By the next summer, Clemson had started to feel like home. Over the next few years, I spent my summers there, and Evan’s friends became my friends. It was easy to see why Evan had so many really, really good stories. His group of friends are good people. They’re funny, they’re smart, and they’re loyal to the bone. Eventually, in 2003, we moved to Clemson and got married. Shortly thereafter, Evan’s best friend had a brilliant idea – a FlowerFest Revival. The original crew came together for a two-day regression therapy session.

FlowerFest has become an annual rite of summer. It has changed over time. A lot of the boys got married, to women I love like sisters. Some of the boys now have kids, leading to a new schedule of FlowerFest Days and FlowerFest Nights. Some of them have remained unmarried and childless, which is nice for Evan and I, who remain happily locked in at a mental age of around 24. Every year new people come to FlowerFest, and the boys welcome them with open arms. FlowerFest is the most inclusive gathering of people I’ve ever known. As long as you’re not a jerk and you’re up for a good time, you’re welcome to join in the merriment.

And so it was this past weekend, while I watched grown men launch complicated strategies to pants one another, and I watched people with PhD’s repeatedly, and violently, throw one another off a dock and into Lake Hartwell at 2 in the morning, it dawned on me how much I love these people.

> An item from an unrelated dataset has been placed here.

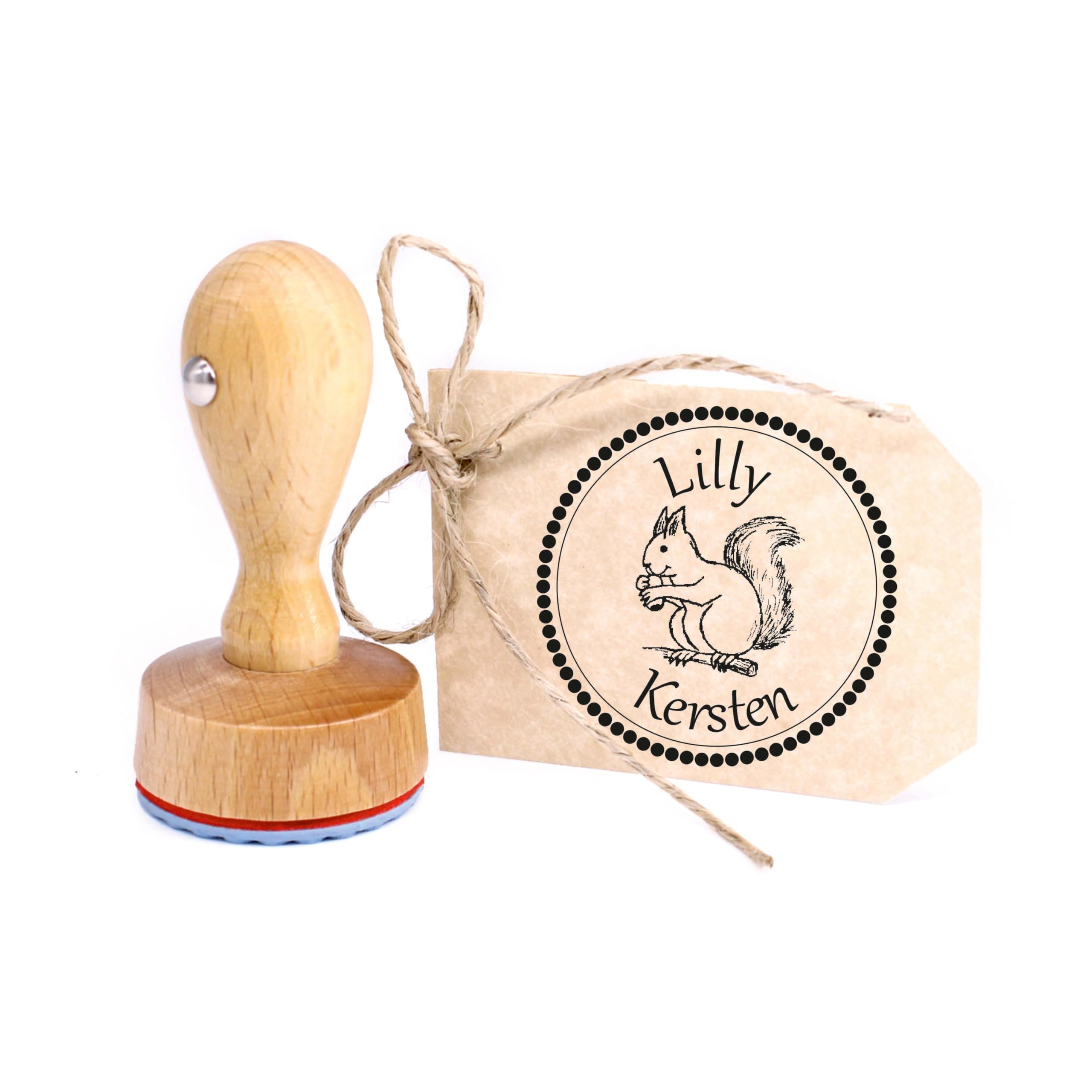 Dekolando Squirrel Stamp Personalised Children - with Personal Name - Children's Stamp Name Stamp Motif Stamp Wooden Stamp Diameter 24 mm - Ink Pad Optional (Squirrel)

During my L.A. years I always thought of myself as homeless. People would ask me where I was from, and I never knew how to answer. I could say Seattle, which was true – I went to high school there, and the city had a big impact on me. I could say rural Kent/Auburn, which was true, too. That’s where my house was. I could say L.A. I did live there for eight years.  Or I could say South Carolina, because I spent my summers there. But really, I didn’t have an answer. And so that word stuck with me – homeless. I felt homeless.

But last Saturday, while I watched ten men chase my husband down, tackle him, drag him several yards and force him to do a keg stand against his will, I realized I didn’t feel homeless anymore.

5 thoughts on “The Boys of Summer

  1. Gillian says:

    Sometimes I think of Clemson as home, too, even though I’ve never lived there. It’s a constant. You all are a constant. XOXO.

  2. Claiborne says:

    awwww, Carrie. It’s so great that our husbands married awesome people, and then allowed said people to join their clique.

  3. angie says:

    <3 I wish I coulda been there. It's funny the different roads life takes you down, and how you normally end up some place better than you could have imagined!